Vous avez peut-être entendu parler du plafond à 3,5% : une mesure gouvernementale de 2022 limitant la hausse de l'indice des loyers commerciaux (ILC) à 3,5% par an pour les PME.

Bonne nouvelle pour les locataires, a priori. Mais ce plafond s'applique-t-il à la révision triennale légale ? La réponse divise. Voici pourquoi, selon moi, il faut répondre par l'affirmative.

D'abord, de quoi parle-t-on ?

La loi du 16 août 2022, adoptée en pleine période d'inflation, a instauré temporairement ce plafond du loyer du bail commercial à 3,5% pour les PME. Cette mesure a ensuite été prolongée jusqu'au 1er trimestre 2024.

L'objectif était clair : protéger les petits commerçants et artisans d'une explosion de leurs charges locatives dans un contexte économique exceptionnel.

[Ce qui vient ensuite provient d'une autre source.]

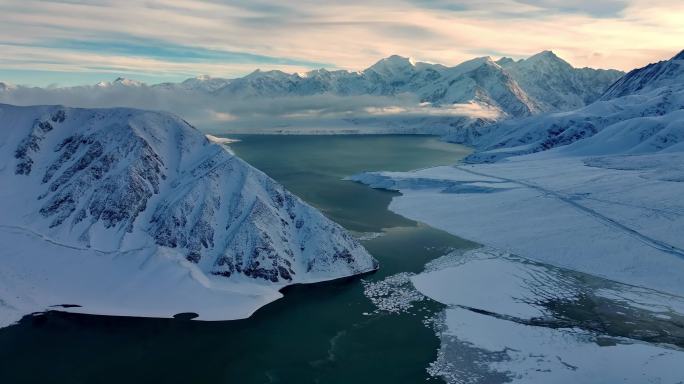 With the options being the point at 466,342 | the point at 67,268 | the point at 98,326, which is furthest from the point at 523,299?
the point at 67,268

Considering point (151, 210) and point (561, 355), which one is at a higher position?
point (151, 210)

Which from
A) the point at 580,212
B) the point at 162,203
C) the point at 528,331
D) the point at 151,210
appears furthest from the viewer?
the point at 580,212

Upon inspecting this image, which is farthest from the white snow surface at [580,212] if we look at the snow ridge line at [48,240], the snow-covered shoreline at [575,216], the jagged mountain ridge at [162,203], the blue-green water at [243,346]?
the snow ridge line at [48,240]

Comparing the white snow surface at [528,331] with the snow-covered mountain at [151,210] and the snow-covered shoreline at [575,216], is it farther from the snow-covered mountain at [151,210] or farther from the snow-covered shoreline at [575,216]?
the snow-covered mountain at [151,210]

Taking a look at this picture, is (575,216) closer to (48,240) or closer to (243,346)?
(243,346)

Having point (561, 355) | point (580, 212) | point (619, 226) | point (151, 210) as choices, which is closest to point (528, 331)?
point (561, 355)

Mais voilà le problème : la loi parle de "révision du loyer" sans préciser de quel type de révision il s'agit, ce qui a ouvert un débat entre praticiens.

Deux mécanismes qu'il faut distinguer

Il faut d'abord comprendre comment fonctionne la révision du loyer commercial.

L'indexation annuelle (clause d'échelle mobile) est une révision automatique, prévue contractuellement dans votre bail, qui ajuste votre loyer chaque année en fonction de l'évolution de l'ILC. L’application de ce plafond à 3,5% à cette indexation annuelle ne fait aucun doute.

Pour plus de précisions, c’est ici.

La révision triennale légale est une procédure différente : elle doit être demandée par l'une des parties, respecter des délais stricts, et prend effet pour une nouvelle période. Sa mécanique repose sur un principe simple : la hausse ou la baisse du loyer révisé ne peut pas excéder la variation de l'ILC intervenue depuis la dernière fixation du loyer.

Pour plus de précision, c’est ici

Pourquoi le plafond à 3,5% s'applique selon moi à la révision triennale ?

La clé du débat est là : les deux textes reposent exactement sur les mêmes termes.

L'article L.145-38 du Code de commerce dit que la révision triennale ne peut excéder "la variation de l'ILC". La loi du 16 août 2022 dit que "la variation de l'ILC" prise en compte pour la révision du loyer des PME ne peut excéder 3,5%.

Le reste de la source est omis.